Abstract Neuronal nicotinic acetylcholine receptors are essential therapeutic targets for addiction, mental health and neurodegenerative disorders. These pentameric ligand-gated ion channels are the prototypical members of the Cys-loop receptor superfamily, which mediate fast neurotransmission throughout the central and peripheral nervous systems. Here we propose to determine high-resolution structures of two representative neuronal nicotinic receptor subtypes. Structural analysis of nicotinic receptors has been hampered by the challenges of recombinant expression of eukaryotic membrane proteins. These proteins typically express at low levels and are unstable after purification. Furthermore, most nicotinic receptors are obligate heteromers and in many cases these heteromers can assemble as pentamers with different ratios of subunits. This complication of mixed stoichiometry is present among all Cys-loop receptor families but is best characterized in the nicotinic receptors. The structural heterogeneity results in physiologically important, finely tuned pharmacological and channel properties. In Aim 1, we propose to develop methods for expression and purification of these receptors that can assemble in multiple stoichiometries. In Aims 2 and 3 we propose to apply these approaches to determine structures of two heteromeric nicotinic receptors in physiologically- relevant and functionally-distinct alternate stoichiometries. The individual receptor structures will provide key insights into the structural underpinnings of ion permeation and ligand recognition. Comparison of the structures of the two receptors, and of alternative stoichiometries of the same receptor, will provide a reliable structural foundation for understanding the distinctive biophysical and pharmacological properties of each receptor subunit combination.

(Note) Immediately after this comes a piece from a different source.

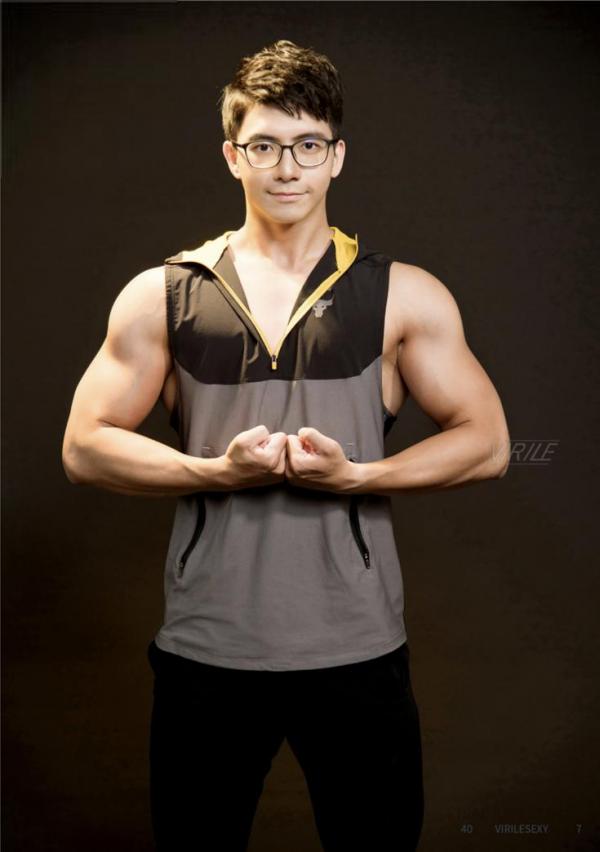 Virile-No.40-–-Goat-EbookVideo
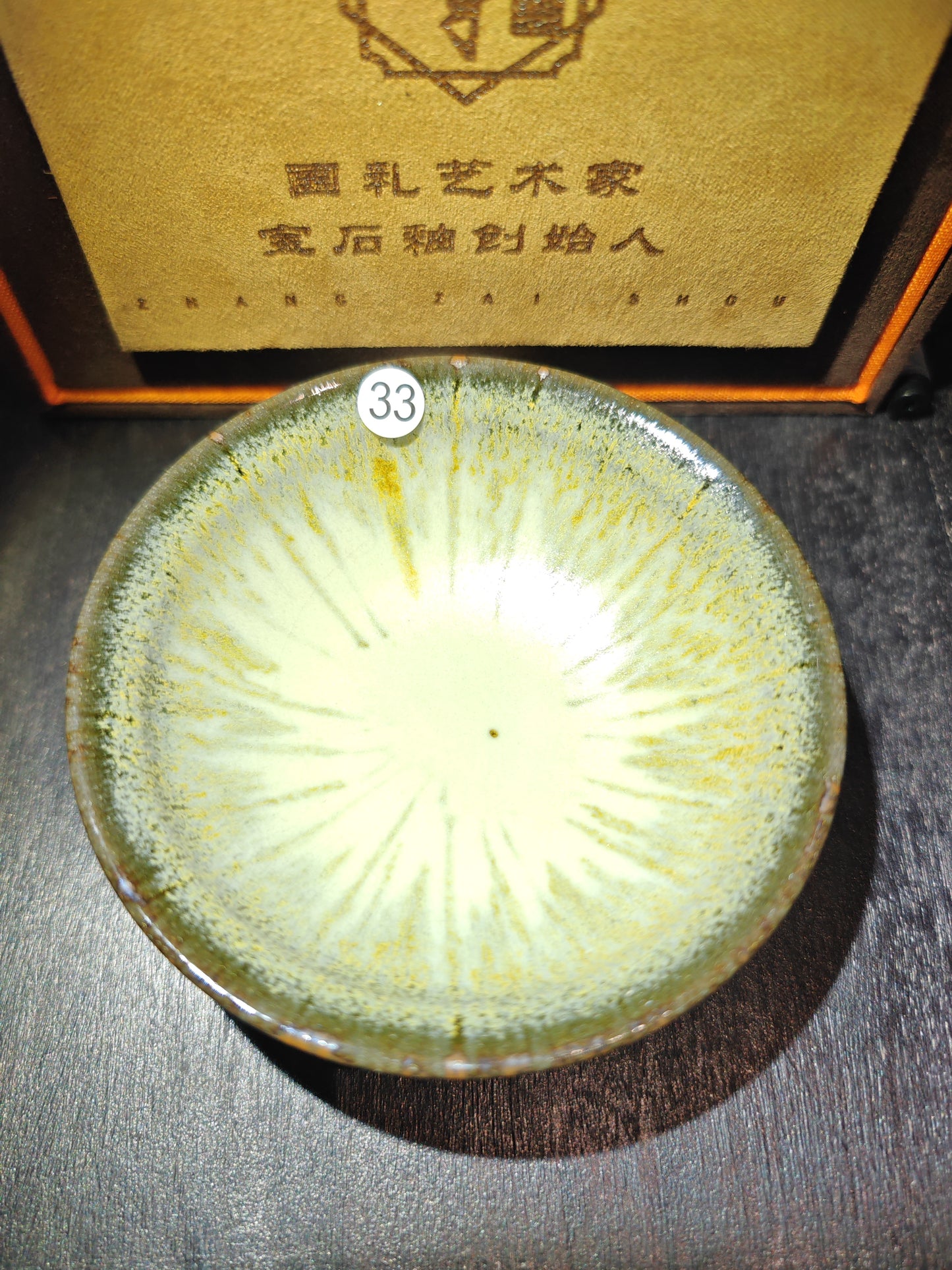2025-6-25-Master Zhang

摘要 神经元烟碱乙酰胆碱受体是成瘾、心理健康和精神疾病的重要治疗靶点 和神经变性疾病。这些五聚体配体门控离子通道是 Cys-环受体超家族，介导整个中枢和中枢神经系统的快速神经传递， 周围神经系统在这里，我们建议确定两个代表性的高分辨率结构， 神经元烟碱受体亚型烟碱受体的结构分析一直受到 真核生物膜蛋白重组表达的挑战。这些蛋白质通常表达在 含量低，纯化后不稳定。此外，大多数烟碱受体是专性异聚体 在许多情况下，这些异聚体可以组装成具有不同亚基比例的五聚体。这 混合化学计量的复杂性存在于所有Cys环受体家族中，但最好表征为 尼古丁受体结构的异质性导致生理上重要的，微调的 药理学和通道特性。在目标1中，我们建议开发表达和 这些受体可以以多种化学计量组装。在目标2和3中，我们建议： 应用这些方法来确定生理学上两种异聚烟碱受体的结构， 相关的和功能上不同的替代化学计量。单个受体结构将提供关键的 深入了解离子渗透和配体识别的结构基础。比较 两种受体的结构，以及相同受体的替代化学计量，将提供可靠的 结构基础，以了解各自独特的生物物理和药理学特性 受体亚单位组合。